Give the lines again exactly as they appear below, from the line with "Une chambre à" to the line with "Heather Pritchard in", both included, and only those lines. Leave every picture out.

RECORD EXTRACTS:
┄┄┄┄┄┄
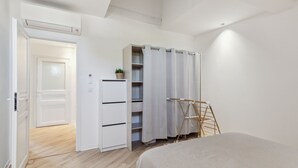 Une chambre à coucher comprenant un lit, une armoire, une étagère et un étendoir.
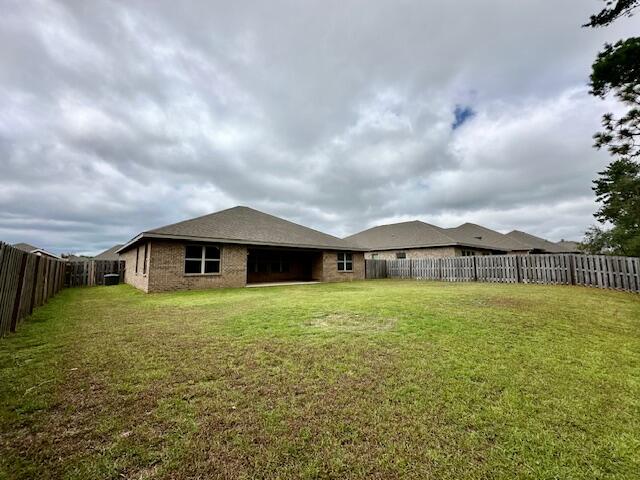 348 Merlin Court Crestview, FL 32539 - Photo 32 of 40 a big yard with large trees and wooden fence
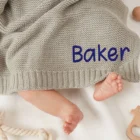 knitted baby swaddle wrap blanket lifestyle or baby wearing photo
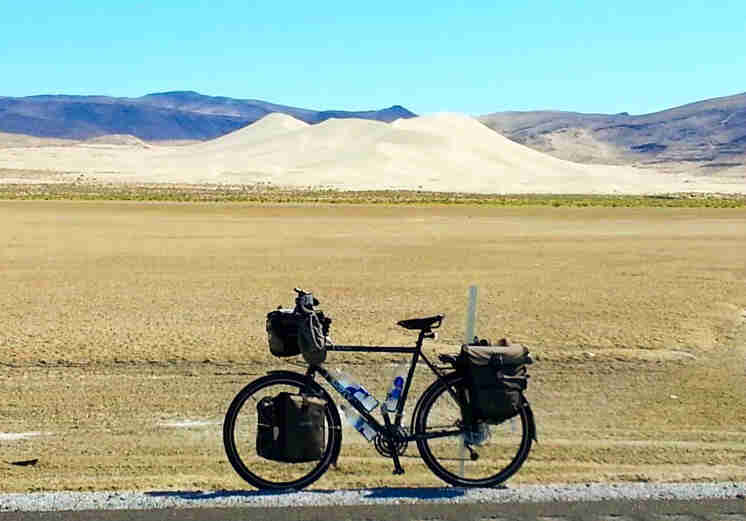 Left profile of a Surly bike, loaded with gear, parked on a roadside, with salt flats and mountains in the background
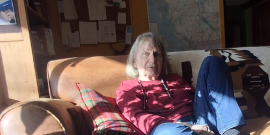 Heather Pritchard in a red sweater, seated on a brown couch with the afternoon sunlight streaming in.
┄┄┄┄┄┄
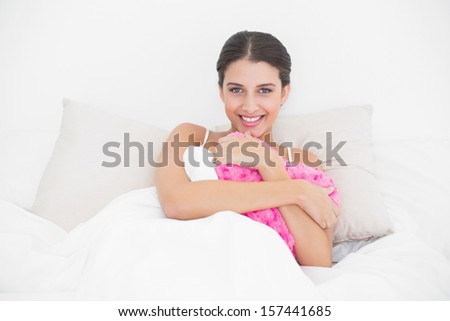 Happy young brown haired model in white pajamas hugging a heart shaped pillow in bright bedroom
┄┄┄┄┄┄
EXERCISE SOLUTION:
 Une chambre à coucher comprenant un lit, une armoire, une étagère et un étendoir.
 348 Merlin Court Crestview, FL 32539 - Photo 32 of 40 a big yard with large trees and wooden fence
 knitted baby swaddle wrap blanket lifestyle or baby wearing photo
 Left profile of a Surly bike, loaded with gear, parked on a roadside, with salt flats and mountains in the background
 Heather Pritchard in a red sweater, seated on a brown couch with the afternoon sunlight streaming in.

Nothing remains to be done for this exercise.